▸ **TASK GOAL**: Copy each of the records exactly; leave nothing out.

▸ **SOURCE INFORMATION**:
*** Block opens ***

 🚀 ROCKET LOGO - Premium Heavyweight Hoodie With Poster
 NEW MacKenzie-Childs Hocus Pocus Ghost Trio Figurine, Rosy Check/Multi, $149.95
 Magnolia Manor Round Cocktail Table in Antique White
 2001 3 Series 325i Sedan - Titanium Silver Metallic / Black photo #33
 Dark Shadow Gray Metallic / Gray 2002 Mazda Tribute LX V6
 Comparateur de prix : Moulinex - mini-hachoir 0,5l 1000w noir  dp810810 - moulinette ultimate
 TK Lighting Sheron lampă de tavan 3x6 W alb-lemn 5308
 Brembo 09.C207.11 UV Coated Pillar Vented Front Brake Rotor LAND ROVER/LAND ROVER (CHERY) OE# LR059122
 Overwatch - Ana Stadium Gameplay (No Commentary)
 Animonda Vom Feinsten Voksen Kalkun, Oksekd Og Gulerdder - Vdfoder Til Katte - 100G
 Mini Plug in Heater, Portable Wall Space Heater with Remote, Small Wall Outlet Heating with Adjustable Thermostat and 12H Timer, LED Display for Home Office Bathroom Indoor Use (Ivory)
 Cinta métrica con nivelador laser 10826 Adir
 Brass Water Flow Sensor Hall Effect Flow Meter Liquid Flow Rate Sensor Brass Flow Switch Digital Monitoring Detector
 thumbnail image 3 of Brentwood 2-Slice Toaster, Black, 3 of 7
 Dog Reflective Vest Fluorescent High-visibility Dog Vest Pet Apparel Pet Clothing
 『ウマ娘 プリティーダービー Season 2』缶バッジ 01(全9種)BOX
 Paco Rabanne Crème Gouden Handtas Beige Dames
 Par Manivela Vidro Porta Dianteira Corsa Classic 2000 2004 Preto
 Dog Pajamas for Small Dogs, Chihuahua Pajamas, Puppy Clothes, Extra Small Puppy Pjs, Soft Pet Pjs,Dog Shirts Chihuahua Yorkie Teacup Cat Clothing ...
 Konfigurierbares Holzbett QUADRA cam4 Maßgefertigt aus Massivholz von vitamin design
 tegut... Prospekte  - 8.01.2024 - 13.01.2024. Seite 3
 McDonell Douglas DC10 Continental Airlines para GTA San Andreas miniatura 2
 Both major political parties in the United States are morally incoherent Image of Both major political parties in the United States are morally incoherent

*** Block closes ***

▸ **TASK ANSWER**:
 🚀 ROCKET LOGO - Premium Heavyweight Hoodie With Poster
 NEW MacKenzie-Childs Hocus Pocus Ghost Trio Figurine, Rosy Check/Multi, $149.95
 Magnolia Manor Round Cocktail Table in Antique White
 2001 3 Series 325i Sedan - Titanium Silver Metallic / Black photo #33
 Dark Shadow Gray Metallic / Gray 2002 Mazda Tribute LX V6
 Comparateur de prix : Moulinex - mini-hachoir 0,5l 1000w noir  dp810810 - moulinette ultimate
 TK Lighting Sheron lampă de tavan 3x6 W alb-lemn 5308
 Brembo 09.C207.11 UV Coated Pillar Vented Front Brake Rotor LAND ROVER/LAND ROVER (CHERY) OE# LR059122
 Overwatch - Ana Stadium Gameplay (No Commentary)
 Animonda Vom Feinsten Voksen Kalkun, Oksekd Og Gulerdder - Vdfoder Til Katte - 100G
 Mini Plug in Heater, Portable Wall Space Heater with Remote, Small Wall Outlet Heating with Adjustable Thermostat and 12H Timer, LED Display for Home Office Bathroom Indoor Use (Ivory)
 Cinta métrica con nivelador laser 10826 Adir
 Brass Water Flow Sensor Hall Effect Flow Meter Liquid Flow Rate Sensor Brass Flow Switch Digital Monitoring Detector
 thumbnail image 3 of Brentwood 2-Slice Toaster, Black, 3 of 7
 Dog Reflective Vest Fluorescent High-visibility Dog Vest Pet Apparel Pet Clothing
 『ウマ娘 プリティーダービー Season 2』缶バッジ 01(全9種)BOX
 Paco Rabanne Crème Gouden Handtas Beige Dames
 Par Manivela Vidro Porta Dianteira Corsa Classic 2000 2004 Preto
 Dog Pajamas for Small Dogs, Chihuahua Pajamas, Puppy Clothes, Extra Small Puppy Pjs, Soft Pet Pjs,Dog Shirts Chihuahua Yorkie Teacup Cat Clothing ...
 Konfigurierbares Holzbett QUADRA cam4 Maßgefertigt aus Massivholz von vitamin design
 tegut... Prospekte  - 8.01.2024 - 13.01.2024. Seite 3
 McDonell Douglas DC10 Continental Airlines para GTA San Andreas miniatura 2
 Both major political parties in the United States are morally incoherent Image of Both major political parties in the United States are morally incoherent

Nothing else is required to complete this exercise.